(Caption-style text data)
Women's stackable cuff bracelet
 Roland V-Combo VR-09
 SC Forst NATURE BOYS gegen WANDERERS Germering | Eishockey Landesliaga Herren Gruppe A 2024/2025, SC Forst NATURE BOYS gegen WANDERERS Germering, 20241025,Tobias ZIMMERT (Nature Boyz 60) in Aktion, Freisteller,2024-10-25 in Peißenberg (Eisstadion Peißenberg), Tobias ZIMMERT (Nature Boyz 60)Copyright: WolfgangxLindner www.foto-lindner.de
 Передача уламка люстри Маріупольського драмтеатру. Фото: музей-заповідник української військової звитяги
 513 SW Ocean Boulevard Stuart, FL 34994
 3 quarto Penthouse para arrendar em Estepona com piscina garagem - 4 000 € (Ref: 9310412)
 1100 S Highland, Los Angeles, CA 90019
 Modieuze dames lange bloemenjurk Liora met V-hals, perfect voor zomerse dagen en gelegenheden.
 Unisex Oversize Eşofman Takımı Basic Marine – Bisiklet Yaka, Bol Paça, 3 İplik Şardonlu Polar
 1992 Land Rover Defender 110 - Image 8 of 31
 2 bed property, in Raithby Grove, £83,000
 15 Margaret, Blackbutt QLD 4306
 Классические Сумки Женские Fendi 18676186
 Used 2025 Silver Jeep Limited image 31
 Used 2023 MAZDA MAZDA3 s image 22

Requirement: Report only how many lines in the entries contain "Used".

Your solution: 2